My own kids? 18. Other people's kids? 5.

Sorta kidding. I'm a little paranoid about my own daughter, but it doesn't bother me to see kids as young as 5 or 6 hanging out in our yard.


----------



## 2shy2post (Oct 11, 2005)

I doubt this is going to truly answer your question...

I think it really depends on your personal knowledge of the neighborhood and your kids.

In my neighborhood with my children - it's going to be SEVERAL years (they are currently 6 & 4.5). However, this is based on my 4.5yo's history of wandering/distractedness - the fact that we live in an area where I know our immediate neighbors, but not much further, and we live on a main street that connects two subdivisions & people drive down it at 45mph.

If the neighborhood were a bit different and both my children had the sense of my 6yo - I'd probably be a bit more comfortable. Though, I, personally think it's really a better idea to know where they are at instead of wandering throughout the day.

I would love for them to have the freedom that I did when I was younger. Though, the truth is there was a pedophile living in our neighborhood when I was growing up, no one knew (heavily SAHM, heavily interactive and connected families - he just flew under the radar which is what *they* do sometimes). Numerous children in the neighborhood were abused or witnessed things (still constitutes abuse to me!)

I prefer to know where my kids are at and whose home they are in.

On the flipside. I want to know the parents of children who are in my home. I want to have a repore with them. I get a sense of their parenting style, know any issues or "working on" with their children & can talk with them comfortably if I've had any "trouble" with their child. I dont' want someone else disciplining my children without my knowledge. I like that the other moms & I can chat - even with different styles and are comfortable with how we handle things.

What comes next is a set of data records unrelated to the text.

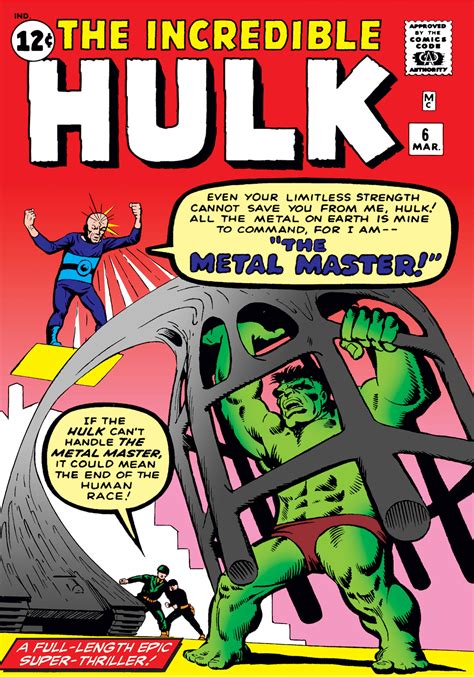 Incredible Hulk 1962 6 Comics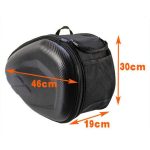Komine Saddle Bag – Side Bags – with Rain Covers – Luggage – Touring – Universal Fitting – 36 to 48 Liter - Image 9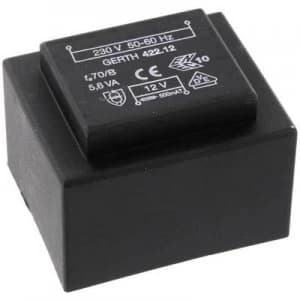 Image of PCB mount transformer 1 x 230 V 1 x 6 V AC 5.60 VA 933 mA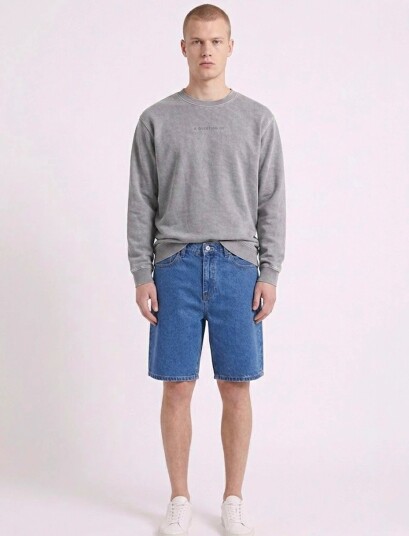 Legends Malcolm Jeans Shorts   Blue   30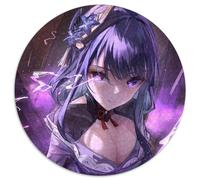 Rompecabezas para Adultos de 1000 Piezas Genshin Impact Raiden Shogun, Rompecabezas Redondo de 1000 Piezas, Ideal para decoración y Regalo de ingenio, 67,5 x 67,5 cm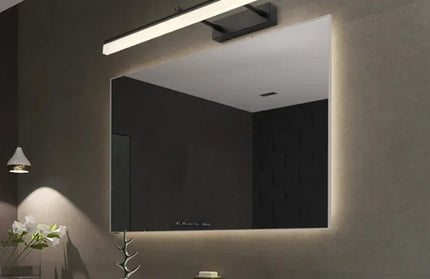 Bathroom Mirror Front Wall Lamp Waterproof Anti-fog Retractable Sconce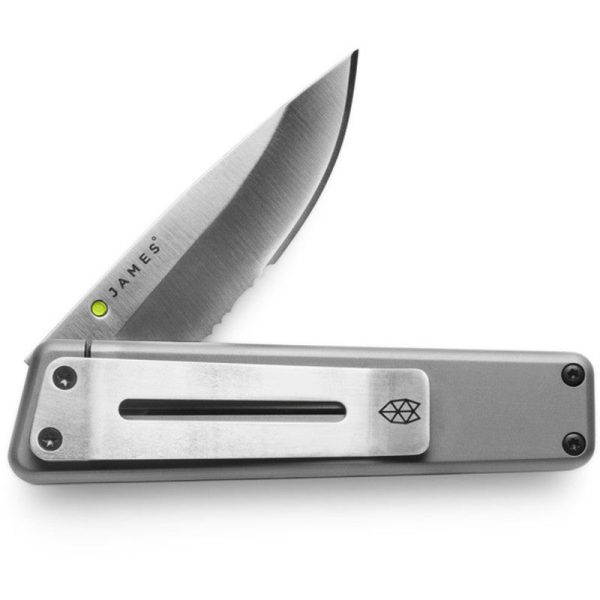 The James Brand Chapter Folding Knife | Titanium Stainless Serrated Cheap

Okay... I've blabbed enough... it's all that coffeeeeeeeeeeeeeee!


----------



## lindberg99 (Apr 23, 2003)

What's bothering you about the situation? ie, Do you feel like you're responsible for where the kids go after they leave your yard? Do you think it's unsafe for the children? Are the kids misbehaving in your yard? Do you think the parents are being irresponsible?

I think you need to think about why it bugs you and then figure out what you can do to set your mind at ease. Like if you feel uncomfortable that the parents don't know where there kids are after they leave your yard, maybe you could always call their parents and say "The kids left here and are going to the Smith's" or wherever.


----------



## MovingMomma (Apr 28, 2004)

Quote:


Originally Posted by *lindberg99* 
What's bothering you about the situation?

I just looked at all these little kids & thought, "It's a good thing we are good people." DH & I were showing them our chickens & chicks, talking w/them, etc. for a good half hour, and then we went back inside & they stayed for another half hour or hour. We were just out of sight of their houses. We've only briefly met the parents. _I_ wouldn't be comfortable not knowing where my 5 year old was, who she was with, etc.

And they've been over every day since, usually at dinner time or bedtime, which is a little annoying b/c my girls want to go out & play too!







But that's not a big concern, just a minor annoyance.


----------



## kirstenb (Oct 4, 2007)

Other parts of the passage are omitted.